Combining a knack for quirky stories, a multi-octave vocal range and a genre-defying melodic gift, Brunberg opens Sherwood and Annie by setting a place at the listening table with “Step into the Silence” - meditation on hearing and making room for sound. Then he fills the silent space immediately with the poppy Americana rocker “Feel Like Breaking Up” (with the USA), a simple capture of an embarrassing moment in American history. Lest he should be registered as a complainant, Brunberg pivots into the problem-solving funk of “Fortify” - a bop that he and collaborators Sean Badders, Tyrone Hendrix, Steve Berlin and Rachel Taylor Brown largely wrote together one day in the studio when asking the basic question “what should we do in the face of trying times?” The answer is a very funky “fortification”.
“All the songs on this record were written either on my old pawnshop guitar named Sherwood or on this funky old Wurlitzer that has like 100 coats of paint on it, most notably, a bright pink scrolling of the word Annie that I think colors everything that comes out of her.” Brunberg “didn’t waste time overthinking most of these songs; they happened very organically - relatively quickly.”
There’s a song about coming to grips with the inevitability of the culture of the Grateful Dead and it’s music.
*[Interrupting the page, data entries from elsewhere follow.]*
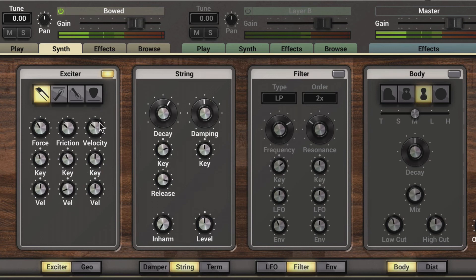The velocity knob determines the velocity of the bow, meaning the amplitude of the sound, and that can also be modulated.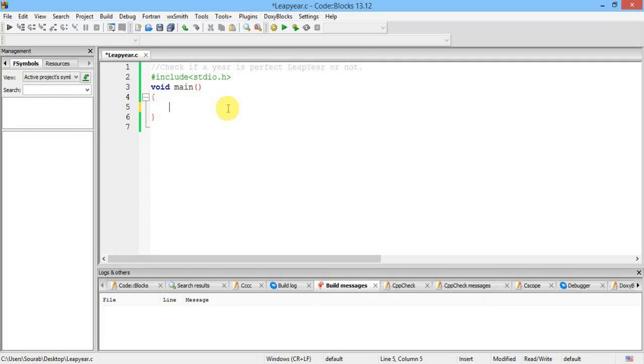Hello guys, this is Sura from compute techniques and welcome to the fourth tutorial of C programming language.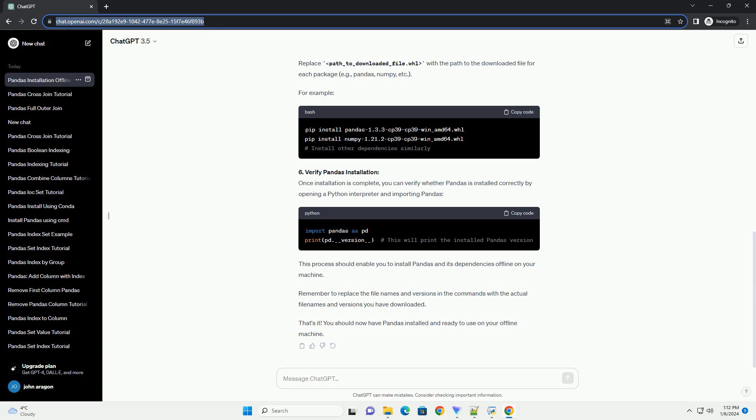3. Transfer files to the offline machine: Transfer the downloaded Python installer, pandas, and its dependencies files to the offline machine using a USB drive or any other means of file transfer.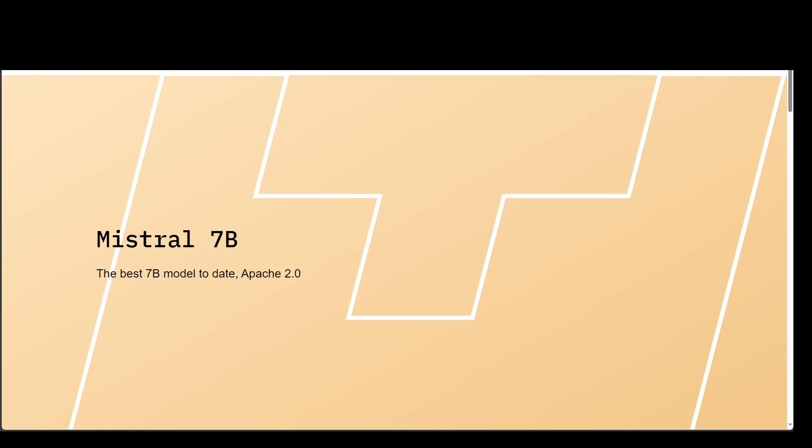In this video, I am going to show you how you can locally install Mistral 7 billion model easily and quickly in AWS.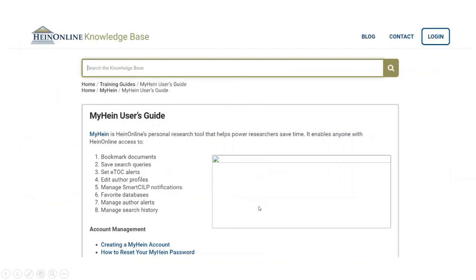This is a screen from HeinOnline's excellent help pages detailing what you can do with a personal My Hein account. You can bookmark documents, save search queries, set up table of contents alerts, author alerts, and edit your author profile, as well as favorite your most-used databases.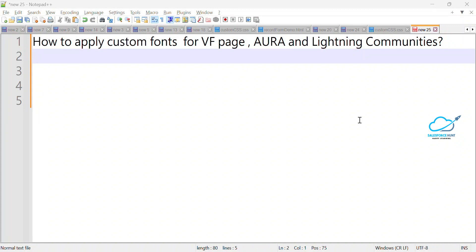Hello everyone, welcome back to my YouTube channel Salesforce Hunt. This is Rohit, and today I'm going to show you how to apply custom fonts for a VF page, Aura, and Lightning Communities. If you are new to this channel, please subscribe for more updates and watch this video until the end to get some extra knowledge.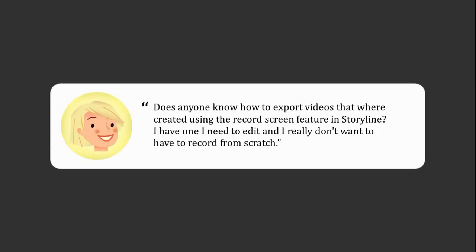Hey, this is Jeff and I recently saw a great question come up by Nancy. She wants to know if anybody knows how to export videos that were created using the record screen feature in Storyline.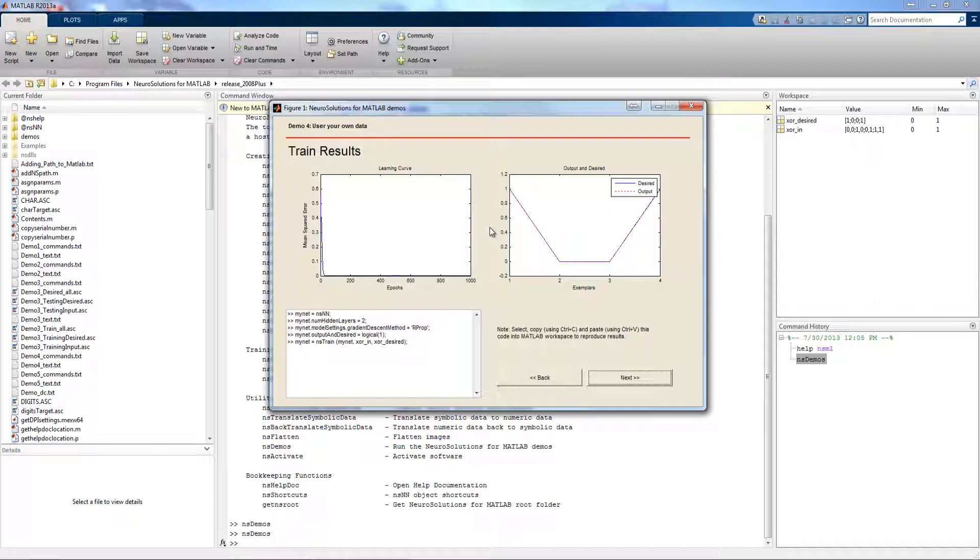So let's go over the code real quick. The minet equal NSNN is the line that actually creates the default neural network, which is the multilayer perceptron.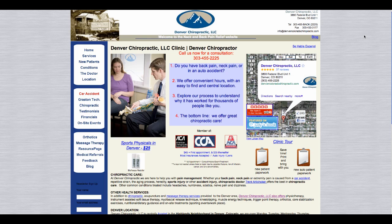I'm just picking a random site that I found on Google, and I'm not trying to pick on any particular practice or anything like that — I just wanted to do this for educational purposes. If you look at this site in front of you right now, it actually ranks very well on Google and gets quite a bit of traffic, but I think the overall format of the site needs some help.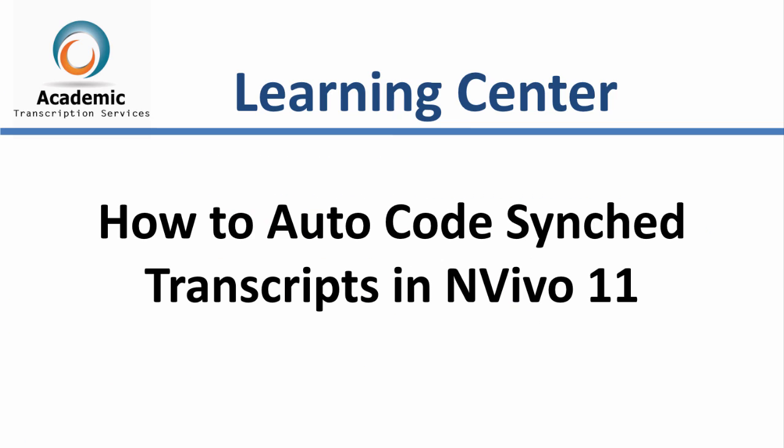In the previous tutorial, I showed you how to import a synchronized transcript into NVivo 11. In this video, I am going to show you how to segment the transcript using the auto code feature in NVivo 11.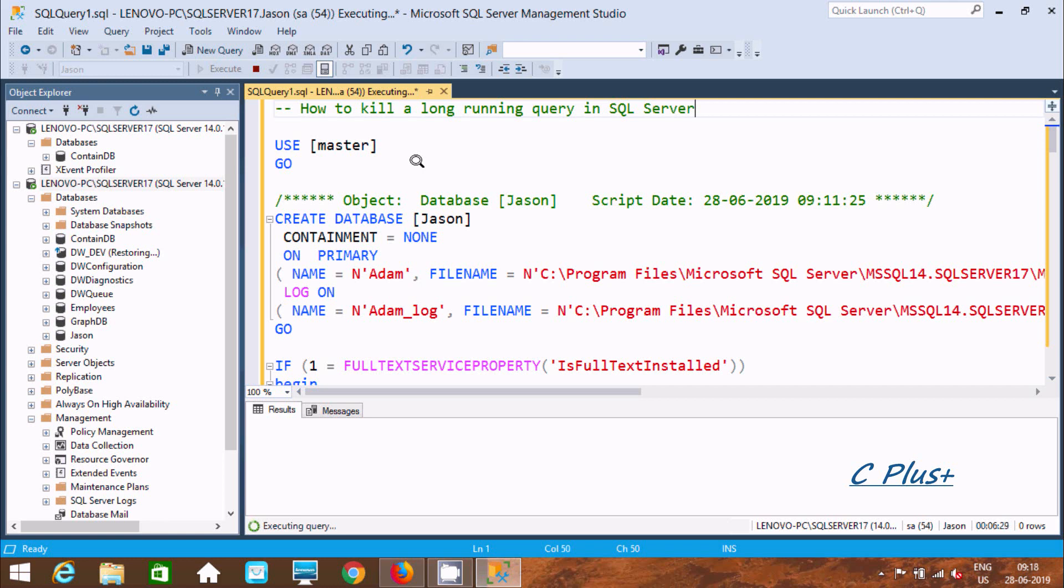Hi guys, in this video I am going to discuss how to stop or kill long running queries in Microsoft SQL Server Management Studio.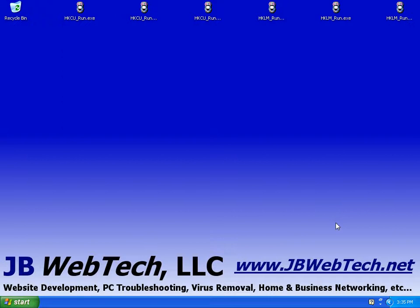Hey there, it's Joe Boivier again from JB Web Tech. I wanted to make this presentation today to show you how to download, install, and run the Malwarebytes Anti-Malware Program.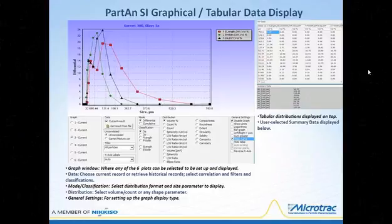The current record or set of historical records can be selected along with any correlations, filters, or classifications. The distribution type can then be chosen: volume, count or number, or any shape parameter. Last, the general graph settings can be selected. In the upper right, the tabular distributions are shown, and below, up to 45 different pieces of summary data for all six parameters can be selected by the user to be displayed.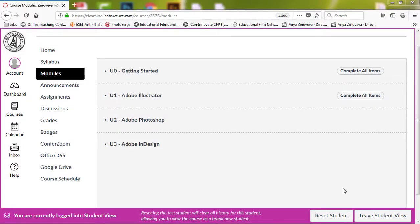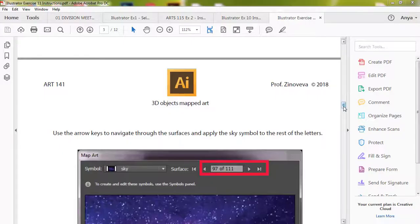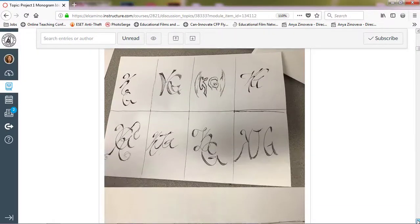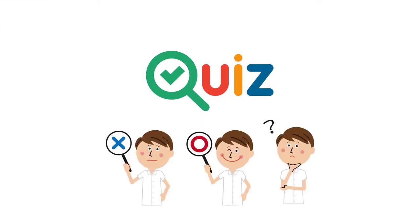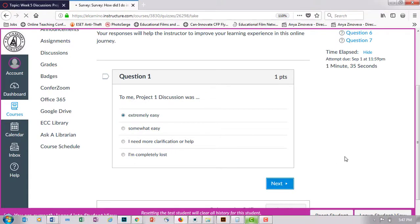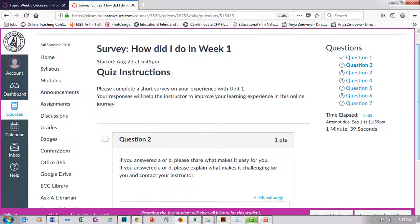This class is divided into three units based on the three programs we will be learning: Adobe Illustrator, Adobe Photoshop, and Adobe InDesign. Each unit is divided into weekly modules, which include videos, exercises, project discussions, and quizzes. Quizzes allow you to solidify your skills, and you can take them multiple times. There are also opportunities for extra credit. There are also surveys at the end of each week, which allow you to leave feedback on what worked well for you and discuss any challenges.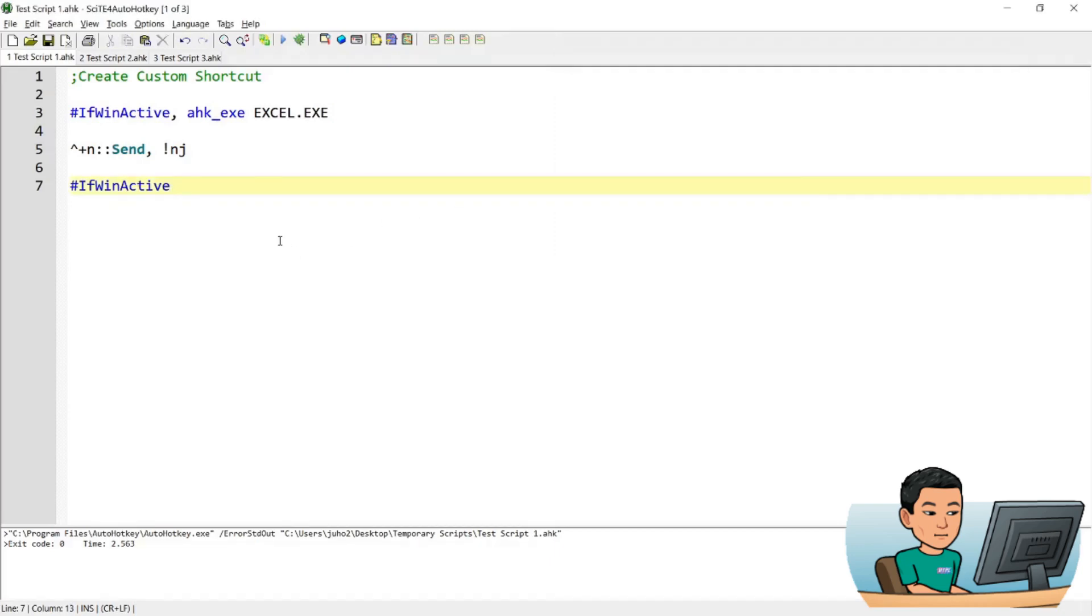Alright. I did say I will cover the ControlSend command in this tutorial as well. But this tutorial is becoming longer than I expected. And I would like to keep tutorial videos short. So I'll cover ControlSend command in a separate video. And thanks for watching and watch that one if you're interested in ControlSend command.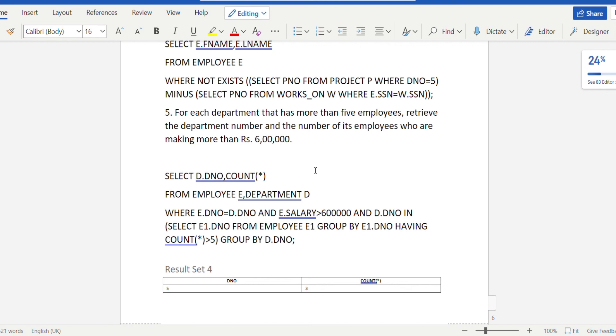The link to the notes for this particular lab program is provided in the description box. Thank you guys.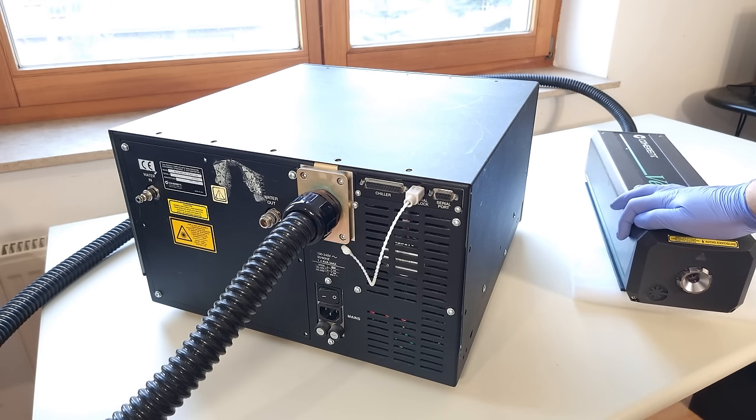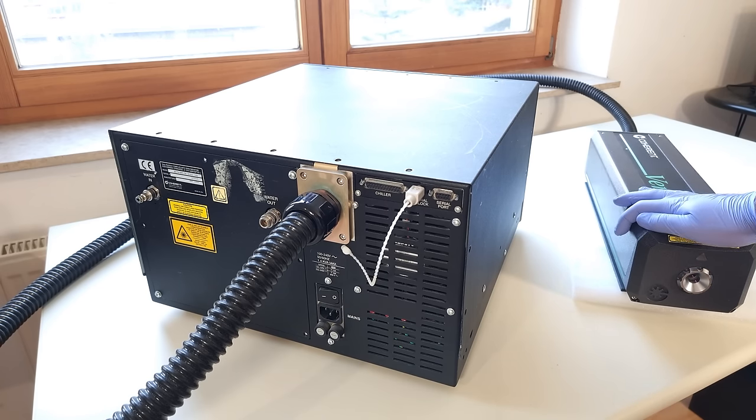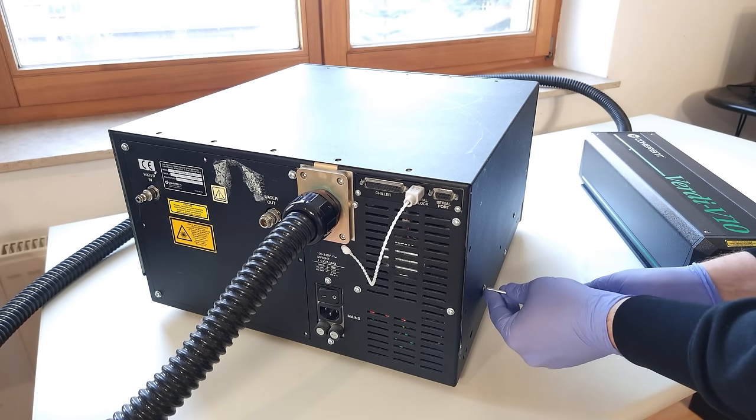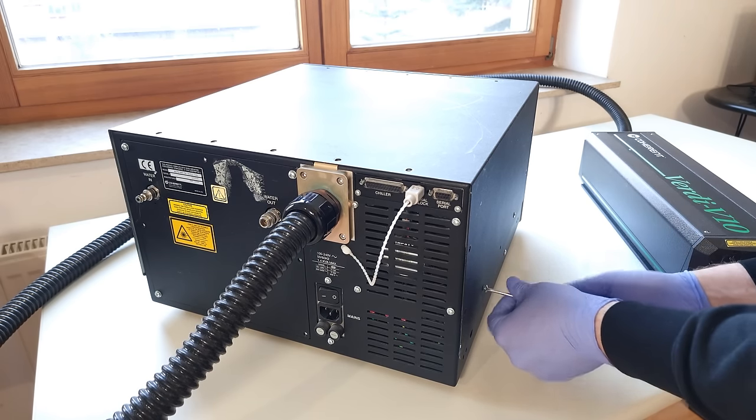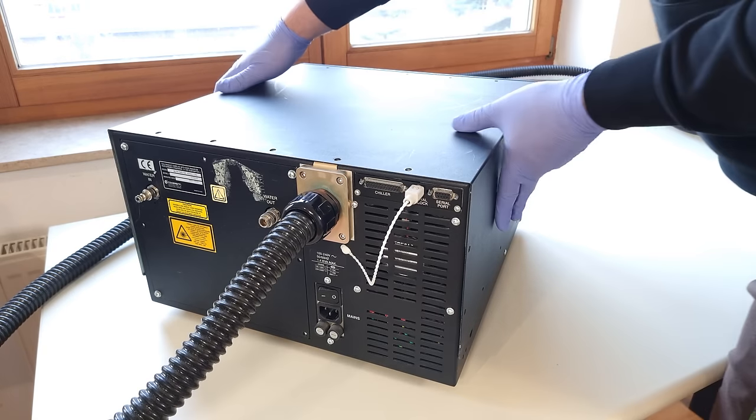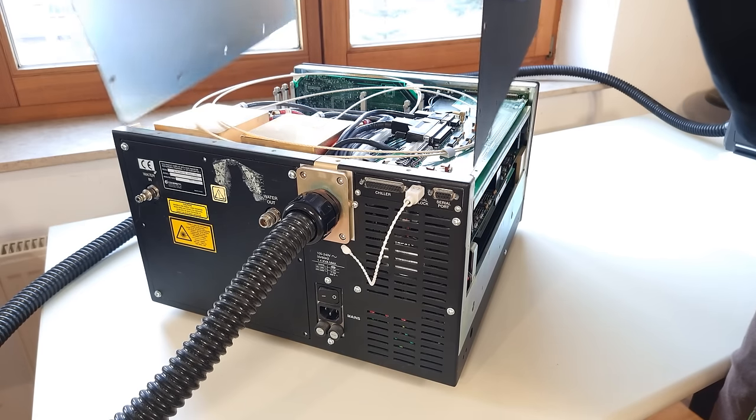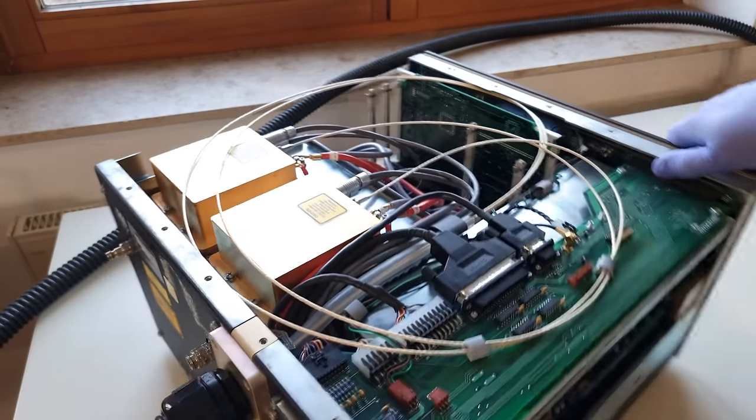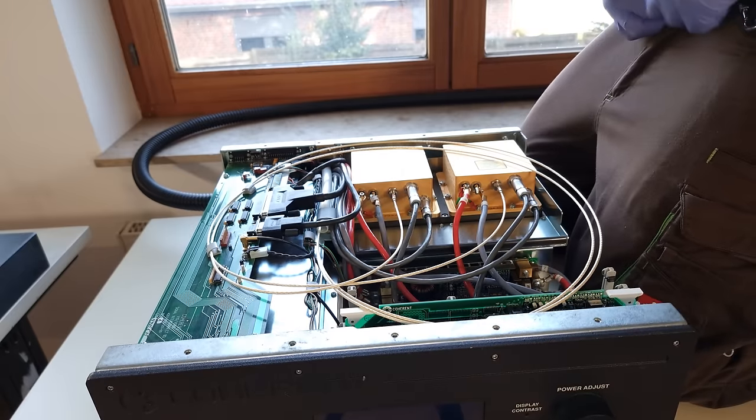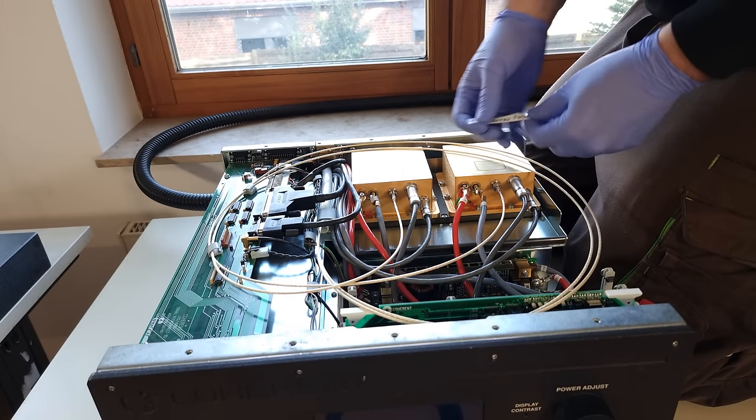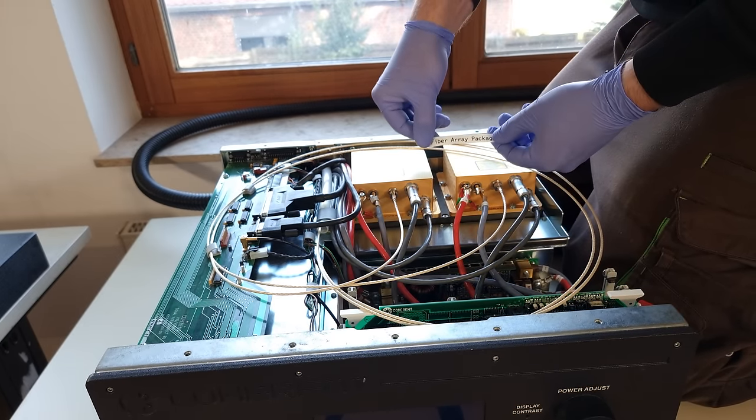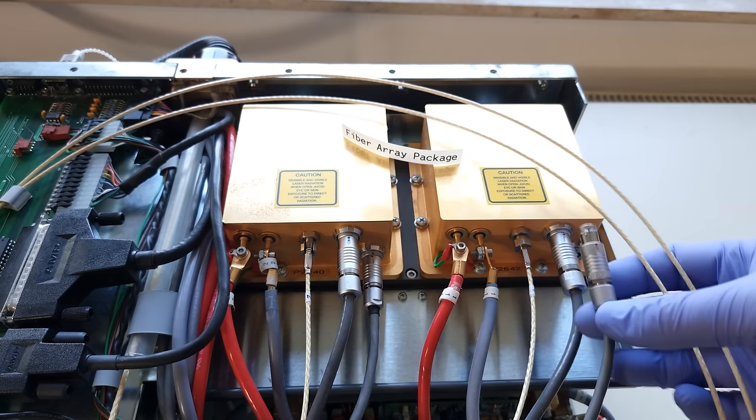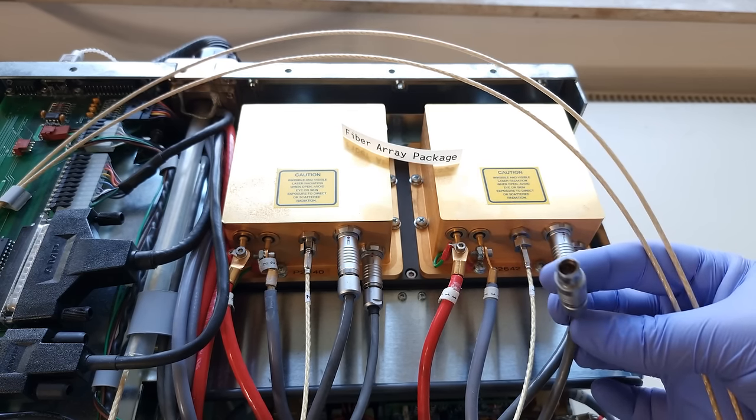The head is attached to the control box with a thick umbilical cord. The manual goes through great lengths to explain that there's a minimal bend radius for that. So I suppose there are optical fibers in there, maybe also cooling fluid. Oh, would you look at these huge fiber coupled laser diodes. Coherent is calling them FAPs for obvious reasons, fiber array packages.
Another tune called “Pawn Shop Guitar” sounds like it was written by Merle Haggard for Willie Nelson during one of his gritty jazz, mid 70s records. “She’s Got Kids” goes straight to the heart of adulting and loving in situations where there are more than two people involved in the calculus of the relationship.
“This is another hopeful album, in my series of post Covid hopeful albums” Brunberg jokes. “It might be my last hopeful record for a while” he continues, adding “but who knows - I write these songs mostly for me and I might need another round of pep talks in six months or so”.
A handful of guests bring unexpected color to the farthest reaching corners of this album, including Oregon Symphony players, the core of beloved Portland band Quick and Easy Boys, Los Lobos original Steve Berlin, San Francisco‘s Megan Slankard, and a few other notable, gifted guests who pop up when you least expect them. But mostly it’s Jim Brunberg as he is best known, using his home studio to tell stories laced with hope and humor.